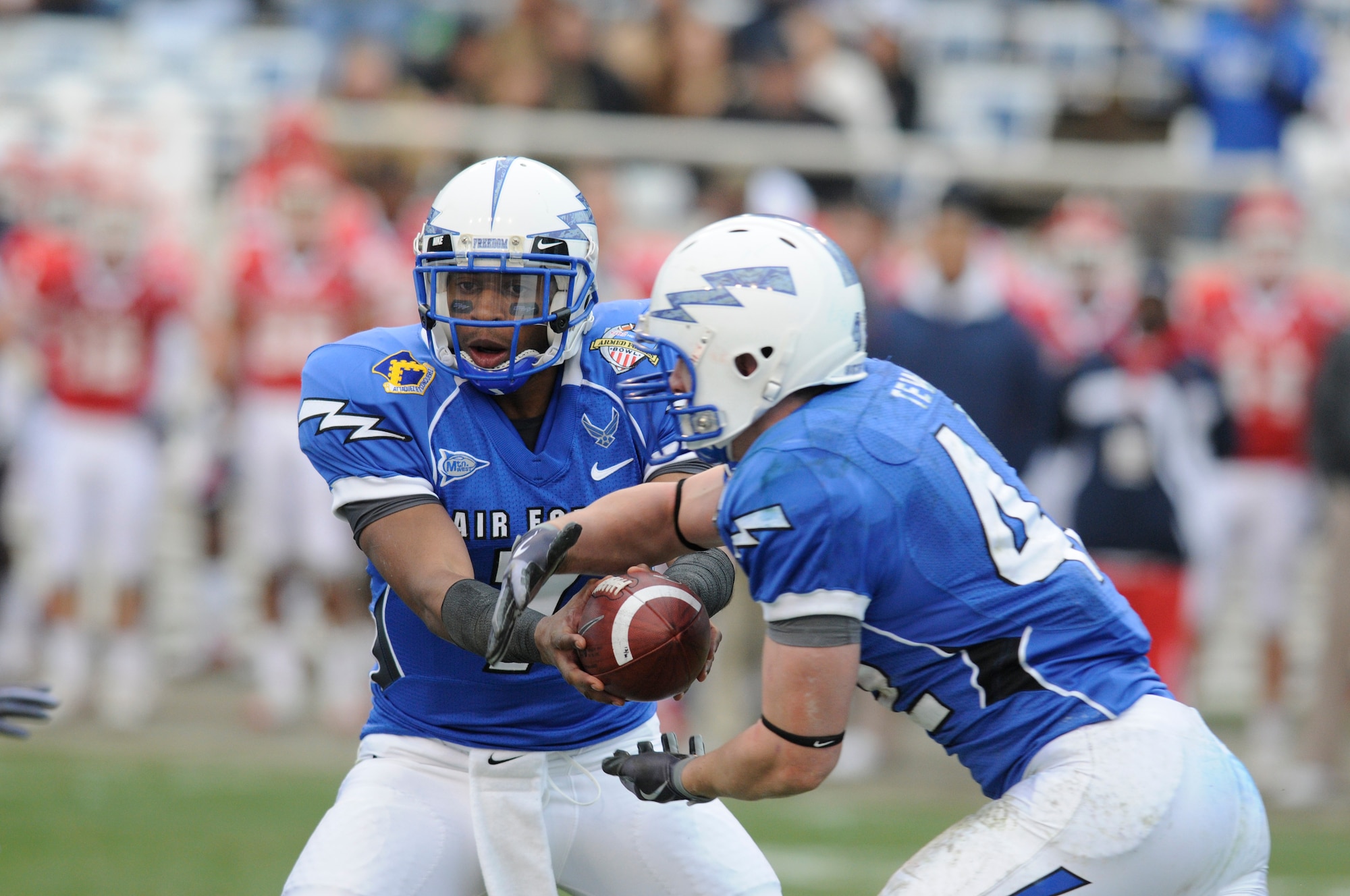 Falcons quarterback Tim Jefferson hands off to fullback Jared Tew during the Armed Forces Bowl Dec. 31, 2009, at Fort Worth, Texas. The U.S. Air Force Academy triumphed over the University of Houston Cougars, 47-20. (U.S. Air Force photo/Bill Evans)
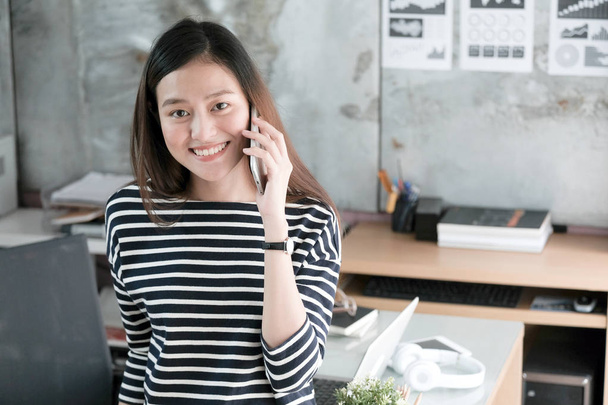 Mladá Asijská podnikatelka mluví chytrý telefon s úsměvem šťastná - Fotografie, Obrázek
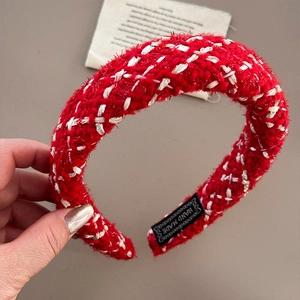 Close-up of red and white tweed headband texture with inner handmade label detail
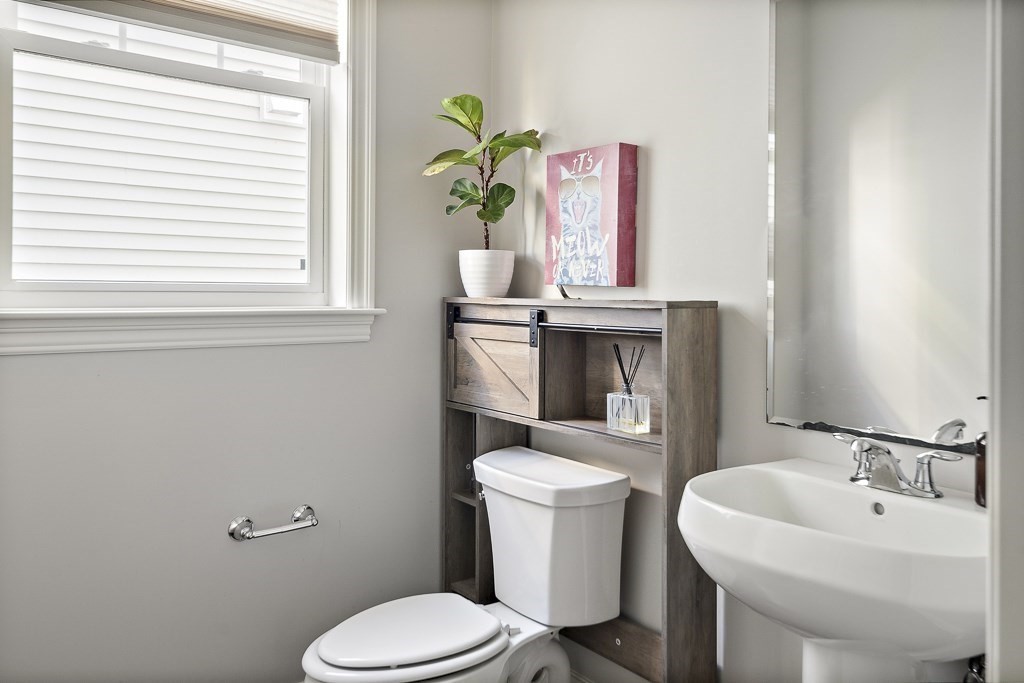 25 Oxbow Road, Unit 25 Framingham, MA 01701 - Photo 19 of 34 a bathroom with a toilet a sink and a window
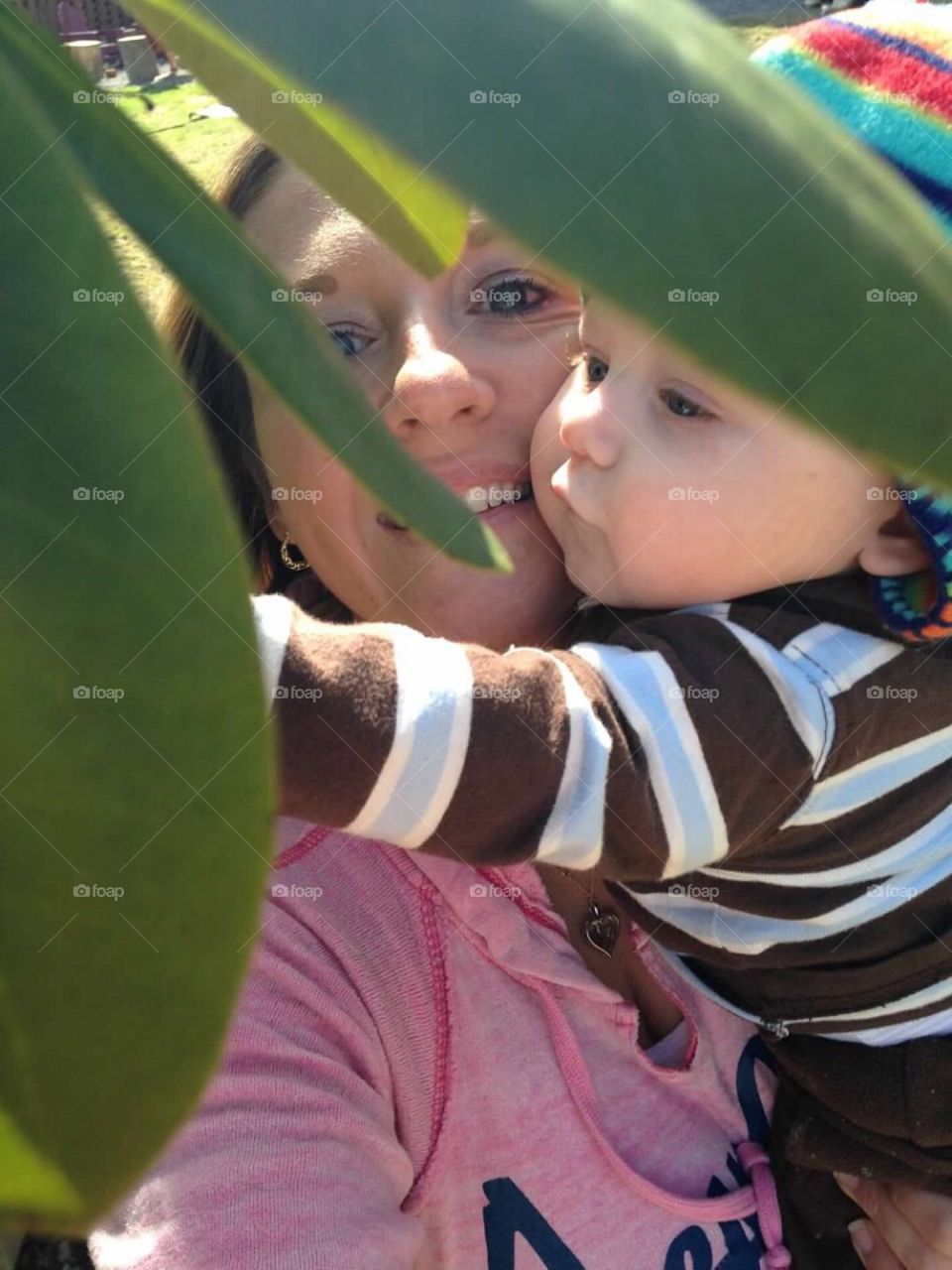 Mother and son behind plant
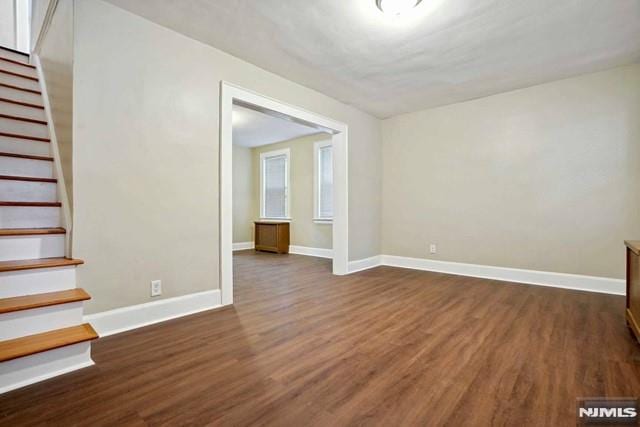 spare room with stairway, baseboards, and dark wood-style floors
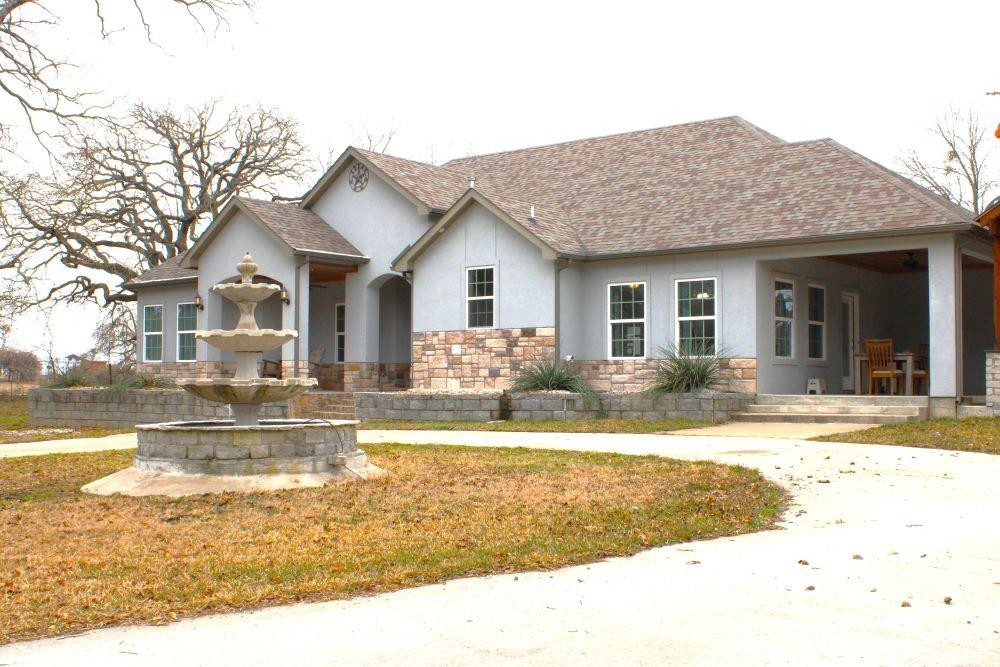 7320 County Road 3512 Quinlan, TX 75474 - Photo 3 of 35 a view of a house with swimming pool and a yard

═══

*Task details:*
What you return must match the entries above exactly, apart from the pictures, which are left out.

*Task result:*
 Falcons quarterback Tim Jefferson hands off to fullback Jared Tew during the Armed Forces Bowl Dec. 31, 2009, at Fort Worth, Texas. The U.S. Air Force Academy triumphed over the University of Houston Cougars, 47-20. (U.S. Air Force photo/Bill Evans)
 Mladá Asijská podnikatelka mluví chytrý telefon s úsměvem šťastná - Fotografie, Obrázek
 Close-up of red and white tweed headband texture with inner handmade label detail
 25 Oxbow Road, Unit 25 Framingham, MA 01701 - Photo 19 of 34 a bathroom with a toilet a sink and a window
 Mother and son behind plant
 spare room with stairway, baseboards, and dark wood-style floors
 7320 County Road 3512 Quinlan, TX 75474 - Photo 3 of 35 a view of a house with swimming pool and a yard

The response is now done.